Create a local Git repository

Go through the modify-add-commit cycle for one or more files.

Identify and use Git commit numbers.

Create a remote repository

Push to or pull from a remote repository.

This lesson

This is an Advanced Intro to Git lesson. This means that it is based on the Intro to Git - beginner lesson. Below you will find a summary of the beginner lesson, so that you can get up to speed if you are coming to the advanced lesson without taking the beginning lesson first. Take into account that this is only a summary, so we will go over some concepts rather quickly. If you are not comfortable with some of the concepts outlined here, make sure to take the beginner lesson first.

This pages summarizes the following content:

What is automated version control
Initializing a repository
How to check the status of the repository with git status
How to add and commit with git.
How to check commits with git log.
Create a remote repository in GitHub
Connect the local and remote repositories.
push and pull content to the remote repository.

Other content that the beginner lesson addresses that we will NOT cover here:

A thorough explanation of all the contents in the previous list
Ignore files with .gitignore
Work with the history of the repository
Restore older versions

This lesson is the story of Wolfman and Dracula who are investigating if it is possible to send a planetary lander to Mars, and decide to use Git for their reports.

motivatingexample

Automated version control

Version control systems start with a base version of the document and then record changes you make each step of the way. You can think of it as a recording of your progress: you can rewind to start at the base document and play back each change you made, eventually arriving at your more recent version.

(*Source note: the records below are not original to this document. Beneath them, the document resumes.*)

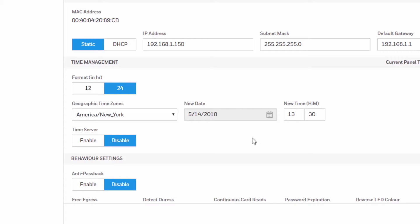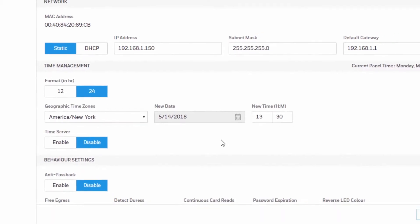Then you will set a new date to match the current day, and then the time will be the current time. Once the settings are configured, click Save.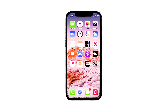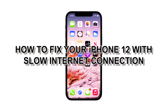Connectivity issues are common even to iPhone users, but they're not really that serious. Most of the time, you can fix them by restarting your device. However, there are times when they're a bit complicated, that's why you need to troubleshoot your phone. In this video, we will show you how to fix your iPhone 12 with slow internet connection.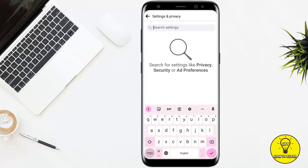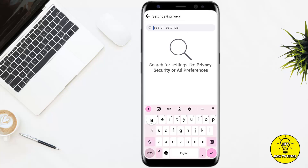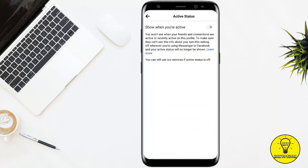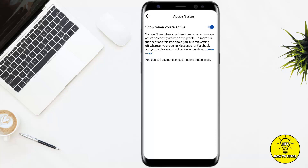After that, you will see a magnifying glass icon at the top of the screen — simply tap on that. In the search bar, search for activity status. Once you have found it, simply tap on it, and in order to turn it on, toggle this option on. After that, your friends will be able to see when you are active on Facebook.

Changes Are Saved Sequentially

Once you think of changes as separate from the document itself, you can then think about “playing back” different sets of changes on the base document, ultimately resulting in different versions of that document. For example, two users can make independent sets of changes on the same document - these changes can be organized into separate “branches”, or groupings of work that can be shared.

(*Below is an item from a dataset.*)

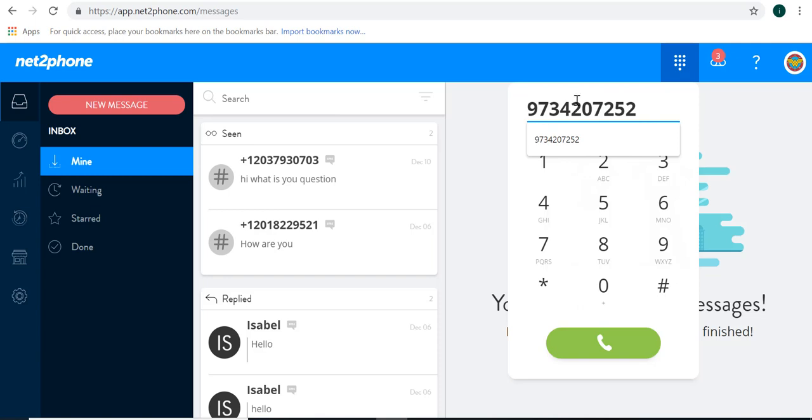Once you have a name or phone number in the top field, you can just click the green phone button and initiate the call.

Different Versions Can be Saved

Unless there are conflicts, you can even incorporate two sets of changes into the same base document, or “merged”.

Multiple Versions Can be Merged

A version control system is a tool that keeps track of these changes for us, effectively creating different versions of our files. It allows us to decide which changes will be made to the next version (each record of these changes is called a commit), and keeps useful metadata about them. The complete history of commits for a particular project and their metadata make up a repository. Repositories can be kept in sync across different computers, facilitating collaboration among different people. Git offers a lightweight solution to frequent branching and merging of shared documents.

Setting up Git

When we use Git on a new computer for the first time, we need to configure a few things.

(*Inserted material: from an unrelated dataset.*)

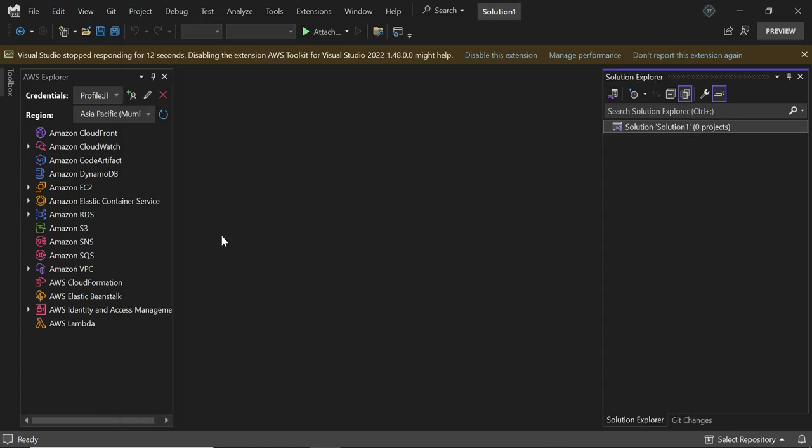I hope you understand how we can add the toolkit in Visual Studio and how to add the credentials to use it. That's it for the video. Thanks for watching.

On a command line, Git commands are written as git verb options, where verb is what we actually want to do and options is additional optional information which may be needed for the verb. So here is how Dracula sets up his new laptop:

$ git config --global user.name "Vlad Dracula"
$ git config --global user.email "vlad@tran.sylvan.ia"

Please use your own name and email address instead of Dracula’s. This user name and email will be associated with your subsequent Git activity, which means that any changes pushed to GitHub, BitBucket, GitLab or another Git host server in a later lesson will include this information.

$ git config --global init.defaultBranch main

Source file changes are associated with a “branch.” For new learners in this lesson, it’s enough to know that branches exist, and this lesson uses one branch.
By default, Git will create a branch called master when you create a new repository with git init. This term evokes the racist practice of human slavery and the software development community has moved to adopt more inclusive language.

Creating a repository

Once Git is configured, we can start using it.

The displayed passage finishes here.